Memoğlu, üretimin tamamen doğanın insafına bırakıldığını vurgulayarak, "Kesinlikle biz ona herhangi bir katkı maddesi, şeker, mum hiç bir şey koymayız. Ne varsa doğada arı onları toplar, nektarı toplar, balını yapar" dedi. Bu ‘el değmeden’ üretim şekli, karakovan balının saflığını ve yüksek besin değerini korumasını sağlıyor.
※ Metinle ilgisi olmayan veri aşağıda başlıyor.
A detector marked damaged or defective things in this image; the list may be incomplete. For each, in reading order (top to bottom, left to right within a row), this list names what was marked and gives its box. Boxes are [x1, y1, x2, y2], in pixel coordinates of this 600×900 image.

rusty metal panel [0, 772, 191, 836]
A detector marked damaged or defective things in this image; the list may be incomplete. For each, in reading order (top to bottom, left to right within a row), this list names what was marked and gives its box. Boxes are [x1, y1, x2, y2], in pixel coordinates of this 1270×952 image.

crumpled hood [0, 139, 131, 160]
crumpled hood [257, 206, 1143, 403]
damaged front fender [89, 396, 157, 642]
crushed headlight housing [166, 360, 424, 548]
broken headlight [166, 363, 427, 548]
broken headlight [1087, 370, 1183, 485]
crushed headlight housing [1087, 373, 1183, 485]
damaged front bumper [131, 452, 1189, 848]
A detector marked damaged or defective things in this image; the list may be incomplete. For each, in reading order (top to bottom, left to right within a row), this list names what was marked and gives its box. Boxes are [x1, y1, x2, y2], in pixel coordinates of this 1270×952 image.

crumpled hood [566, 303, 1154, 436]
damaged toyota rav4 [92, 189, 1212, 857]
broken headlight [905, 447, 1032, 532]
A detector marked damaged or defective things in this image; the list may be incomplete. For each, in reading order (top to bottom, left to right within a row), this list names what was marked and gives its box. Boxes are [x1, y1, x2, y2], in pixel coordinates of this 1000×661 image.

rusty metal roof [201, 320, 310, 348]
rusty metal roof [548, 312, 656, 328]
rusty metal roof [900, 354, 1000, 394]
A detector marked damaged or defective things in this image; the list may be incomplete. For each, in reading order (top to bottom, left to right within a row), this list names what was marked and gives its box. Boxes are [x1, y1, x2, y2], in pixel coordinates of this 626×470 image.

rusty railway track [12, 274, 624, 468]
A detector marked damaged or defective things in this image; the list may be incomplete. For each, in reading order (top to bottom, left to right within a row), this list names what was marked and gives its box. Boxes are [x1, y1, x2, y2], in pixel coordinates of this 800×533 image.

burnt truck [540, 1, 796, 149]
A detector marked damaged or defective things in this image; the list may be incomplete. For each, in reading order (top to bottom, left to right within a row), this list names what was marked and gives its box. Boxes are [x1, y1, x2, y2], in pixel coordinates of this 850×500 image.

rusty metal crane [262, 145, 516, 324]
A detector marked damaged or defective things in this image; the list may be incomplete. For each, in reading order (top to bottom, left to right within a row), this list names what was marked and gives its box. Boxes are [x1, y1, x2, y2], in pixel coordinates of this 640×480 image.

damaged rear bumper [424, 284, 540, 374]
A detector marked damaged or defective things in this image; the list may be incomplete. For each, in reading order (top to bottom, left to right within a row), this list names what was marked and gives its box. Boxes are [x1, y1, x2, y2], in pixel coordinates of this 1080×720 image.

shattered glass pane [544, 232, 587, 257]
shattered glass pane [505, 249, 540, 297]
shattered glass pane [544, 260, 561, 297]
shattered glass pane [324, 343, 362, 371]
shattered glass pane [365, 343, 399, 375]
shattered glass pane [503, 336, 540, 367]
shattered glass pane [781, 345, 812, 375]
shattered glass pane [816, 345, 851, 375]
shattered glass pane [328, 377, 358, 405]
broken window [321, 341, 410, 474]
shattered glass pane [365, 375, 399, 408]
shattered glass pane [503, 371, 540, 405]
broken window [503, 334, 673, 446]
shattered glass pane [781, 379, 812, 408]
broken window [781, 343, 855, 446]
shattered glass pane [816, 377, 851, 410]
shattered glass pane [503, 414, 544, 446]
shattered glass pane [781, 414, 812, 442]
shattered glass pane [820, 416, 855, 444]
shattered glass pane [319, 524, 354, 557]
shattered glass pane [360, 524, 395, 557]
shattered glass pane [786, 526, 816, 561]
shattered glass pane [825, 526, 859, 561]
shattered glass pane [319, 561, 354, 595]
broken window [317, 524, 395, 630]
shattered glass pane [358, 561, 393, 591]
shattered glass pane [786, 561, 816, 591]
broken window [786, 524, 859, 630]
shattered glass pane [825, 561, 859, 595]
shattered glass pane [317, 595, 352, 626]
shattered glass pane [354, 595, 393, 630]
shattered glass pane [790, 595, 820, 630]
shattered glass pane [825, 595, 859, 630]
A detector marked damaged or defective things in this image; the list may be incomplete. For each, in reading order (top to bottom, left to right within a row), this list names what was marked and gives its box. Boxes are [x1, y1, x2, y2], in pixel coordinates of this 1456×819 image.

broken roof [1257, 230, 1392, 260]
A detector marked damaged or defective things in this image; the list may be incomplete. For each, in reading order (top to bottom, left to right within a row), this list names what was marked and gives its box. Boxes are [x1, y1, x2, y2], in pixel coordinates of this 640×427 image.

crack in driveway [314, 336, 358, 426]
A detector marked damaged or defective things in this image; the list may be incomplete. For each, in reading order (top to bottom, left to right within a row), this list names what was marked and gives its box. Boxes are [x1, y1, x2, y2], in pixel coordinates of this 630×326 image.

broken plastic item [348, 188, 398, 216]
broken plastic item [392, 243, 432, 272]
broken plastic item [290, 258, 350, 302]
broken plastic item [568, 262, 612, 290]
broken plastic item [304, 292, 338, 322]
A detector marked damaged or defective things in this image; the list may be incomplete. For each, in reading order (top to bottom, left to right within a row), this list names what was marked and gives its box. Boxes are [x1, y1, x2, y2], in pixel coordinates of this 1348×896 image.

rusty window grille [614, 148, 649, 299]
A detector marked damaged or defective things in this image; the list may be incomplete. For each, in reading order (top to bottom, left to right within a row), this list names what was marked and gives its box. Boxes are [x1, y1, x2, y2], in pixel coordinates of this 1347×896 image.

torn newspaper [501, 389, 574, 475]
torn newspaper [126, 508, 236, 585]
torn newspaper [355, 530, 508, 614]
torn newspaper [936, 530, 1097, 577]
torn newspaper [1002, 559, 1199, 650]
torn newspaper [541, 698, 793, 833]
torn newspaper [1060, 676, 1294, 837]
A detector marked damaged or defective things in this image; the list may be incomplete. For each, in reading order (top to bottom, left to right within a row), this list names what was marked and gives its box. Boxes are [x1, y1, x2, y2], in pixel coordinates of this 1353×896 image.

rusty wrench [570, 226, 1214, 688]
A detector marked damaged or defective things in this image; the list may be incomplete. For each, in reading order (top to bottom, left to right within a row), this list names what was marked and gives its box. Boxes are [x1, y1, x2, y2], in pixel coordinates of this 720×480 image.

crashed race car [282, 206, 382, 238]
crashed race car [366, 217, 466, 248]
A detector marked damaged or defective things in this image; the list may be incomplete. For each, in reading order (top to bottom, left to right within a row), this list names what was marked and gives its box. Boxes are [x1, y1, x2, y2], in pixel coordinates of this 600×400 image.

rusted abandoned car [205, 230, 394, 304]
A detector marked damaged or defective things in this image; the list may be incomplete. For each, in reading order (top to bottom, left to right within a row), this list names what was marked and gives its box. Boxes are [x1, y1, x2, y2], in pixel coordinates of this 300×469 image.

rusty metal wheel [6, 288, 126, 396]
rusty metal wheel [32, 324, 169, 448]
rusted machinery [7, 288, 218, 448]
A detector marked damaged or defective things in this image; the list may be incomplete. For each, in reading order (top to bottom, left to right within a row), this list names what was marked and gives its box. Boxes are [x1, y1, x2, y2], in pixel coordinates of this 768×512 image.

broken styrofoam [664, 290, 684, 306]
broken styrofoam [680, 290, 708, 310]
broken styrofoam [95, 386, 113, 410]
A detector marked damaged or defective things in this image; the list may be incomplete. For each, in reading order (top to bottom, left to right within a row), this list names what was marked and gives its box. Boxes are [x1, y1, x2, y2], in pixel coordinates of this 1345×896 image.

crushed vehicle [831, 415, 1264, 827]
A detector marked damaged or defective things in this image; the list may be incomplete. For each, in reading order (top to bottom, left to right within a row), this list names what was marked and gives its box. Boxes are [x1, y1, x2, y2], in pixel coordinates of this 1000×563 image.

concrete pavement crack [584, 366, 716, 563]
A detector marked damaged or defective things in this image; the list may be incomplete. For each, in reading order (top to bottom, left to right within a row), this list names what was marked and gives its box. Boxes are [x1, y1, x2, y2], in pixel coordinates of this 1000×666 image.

REKOLTEDEN MEMNUNİYET VE FİYAT ZİRVESİ
Bölgedeki arıcılar, bu yılki rekolte seviyesinden oldukça memnun olduklarını dile getiriyorlar. Hava koşullarının elverişli olmasıyla birlikte, doğanın cömertliği sayesinde bal verimi oldukça iyi gerçekleşti. Hasat sonrası satışa sunulan yeni sezon karakovan balları, kalitesine ve üretildiği yayla rakımına bağlı olarak kilogram fiyatı 7 bin TL’ye kadar alıcı buluyor. Piyasaların önde gelen markalarından Anzer Balı'nın bu yılki satış fiyatının 6 bin TL olarak belirlenmesi dikkate alındığında, karakovan balının ulaştığı bu rakam, ne denli özel bir ürün olduğunun altını çiziyor.

ÖNEMLİ OLAN RAKIMDIR
Arıcı Mustafa Memoğlu, sadece belirli bir yaylanın balının öne çıkarılmasının yanlış olduğu yönündeki görüşüyle, meşhur Anzer Balı tartışmasına da göndermede bulundu. Memoğlu, Rize’nin bütün yüksek rakımlı bölgelerinin florasının zenginliğine dikkat çekerek şunları söyledi:
"Hacettepe Üniversitesi’nden bir profesör kalkıyor Rize’nin bir yaylasına çıkıyor, ‘Rize’nin bu yaylasının balı şifadır, 2 bin 500 tür çiçek var’ diyor. Ama bir yaylayı diyor. Bu böyle değil. Rize dediğin zaman Kaçkar Dağları’nın hepsi aynıdır. Florası, çiçeği, her şeyi aynı. Önemli olan rakımdır." Bölgedeki Deremezra, Sırt Yayla, Ceymakçur Yaylası ve Kavron Yaylası gibi tüm yüksek bölgelerin aynı kalitede bal ürettiğini belirterek, tek bir bölgeye odaklanılmaması gerektiğini vurguladı.